Igor Krivtsov, Konstantin Fedorov & Konstantin ShatlovNov 12, 20249 min read

VVC/H.266 encoding acceleration

13:03

Introduction

Versatile Video Coding (VVC) is a video coding standard that was finalized in 2020. It provides better compression and a much wider feature toolset than previous standards, which increases computational complexity. Codec developers are faced with this challenge of increasing computational complexity and finding ways to utilize the capabilities of hardware, while still meeting the new standard's claims of improved compression and quality. To meet these requirements in practical conditions, the standard incorporates parallelization capabilities.

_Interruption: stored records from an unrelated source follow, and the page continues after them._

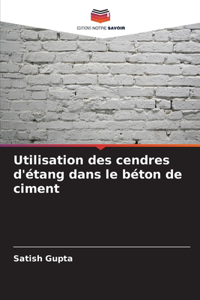 Utilisation des cendres d'étang dans le béton de ciment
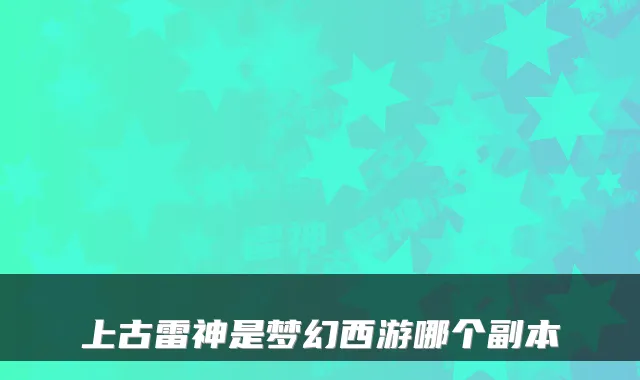 上古雷神是梦幻西游哪个副本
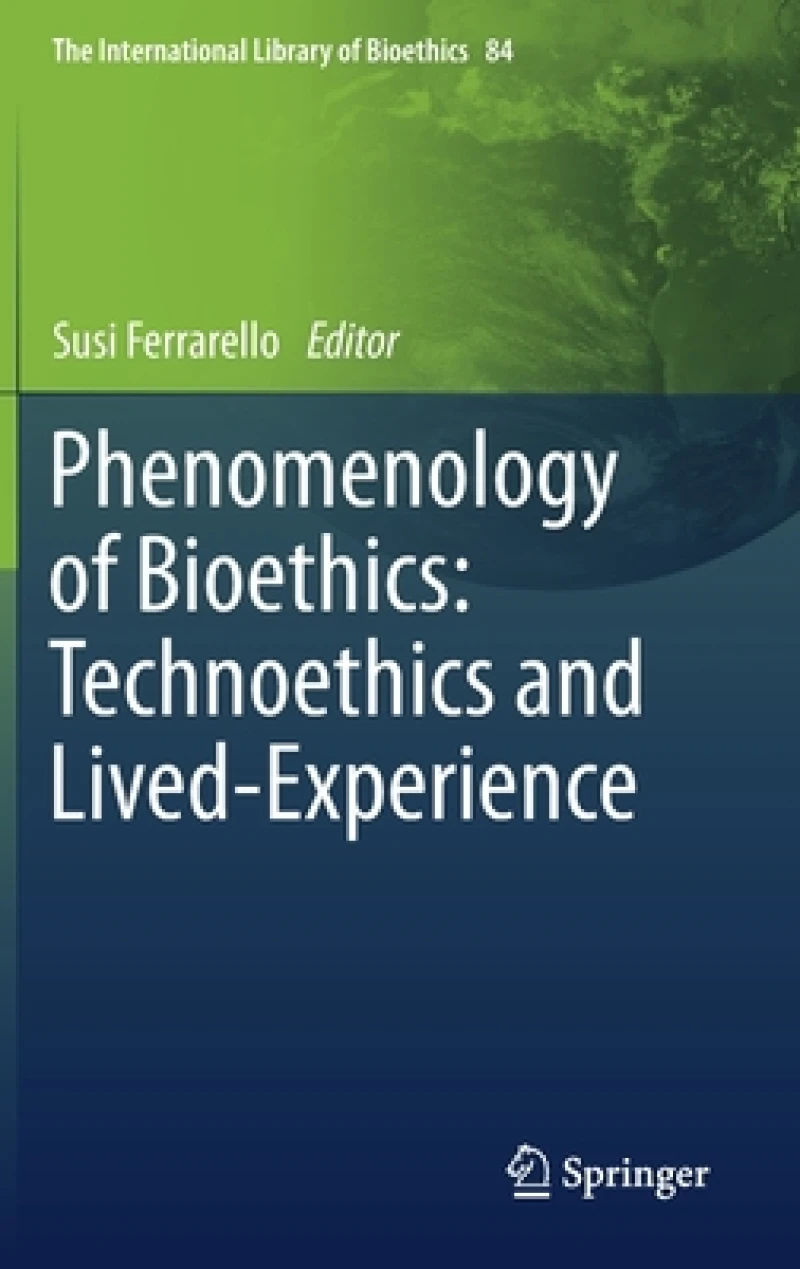 Phenomenology of Bioethics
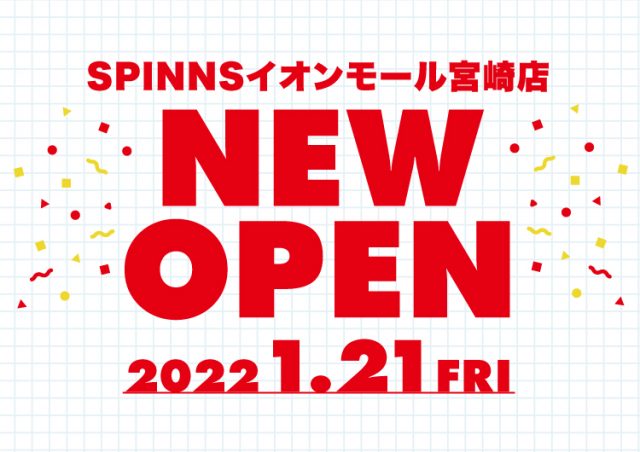 イオンモール宮崎店にSPINNSがOPEN！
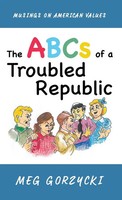 Meg Gorzycki | The Abcs Of A Troubled Republic | Buch | Englisch (2019)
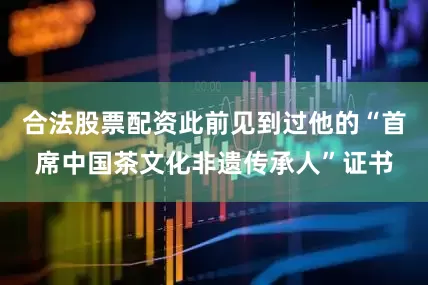 合法股票配资此前见到过他的“首席中国茶文化非遗传承人”证书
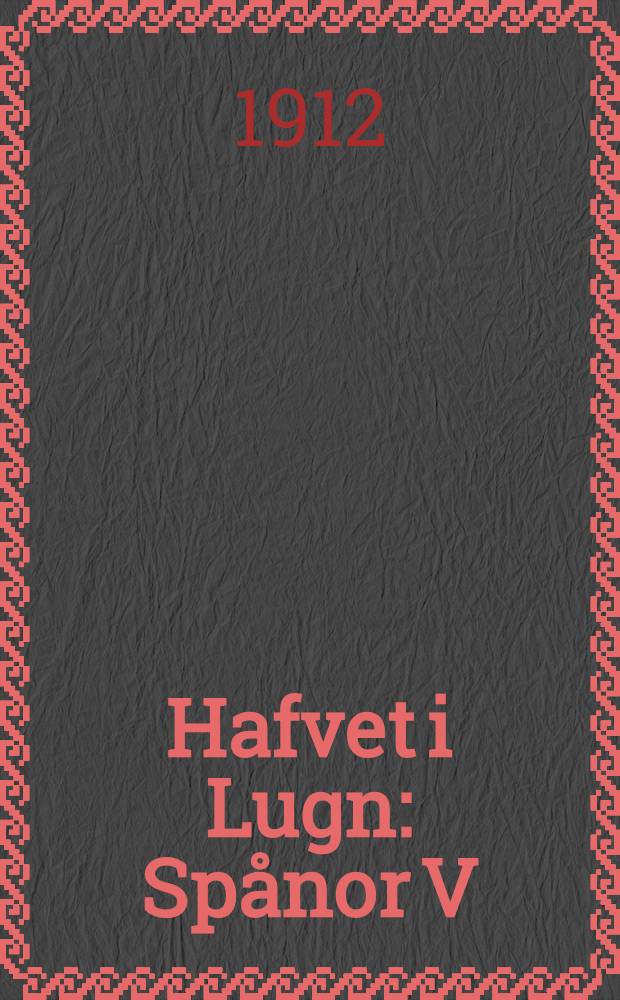 Hafvet i Lugn : Spånor V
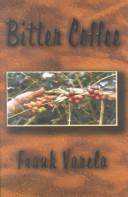 Bitter Coffee by Frank Varela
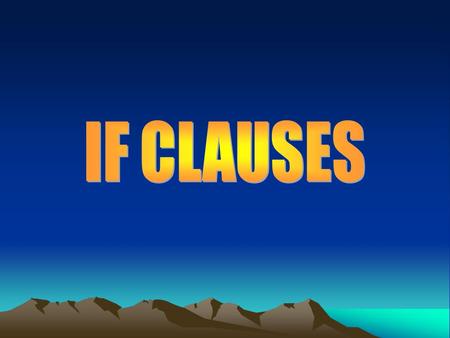 We use if to talk about some conditions in anywhere of our daily life. It is composed of two parts: 1-Main Clause 2-Conditional Clause If he comes early,we.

MainConcept has developed a high-performance implementation of the VVC (or H.266) compatible standard encoder and decoder. This implementation is currently the most advanced on the market and allows customers to avail themselves of real-time video encoding up to 8K.

Since computational complexity imposes limitations on an implementation, the ability to use parallel computing is a must-have. Below is an overview of base parallel coding techniques provided by the VVC standard.

Standard capabilities

MainConcept has developed a VVC codec for various purposes, with real-time encoding being one of the most challenging, as it requires adapting algorithms to multi-core systems.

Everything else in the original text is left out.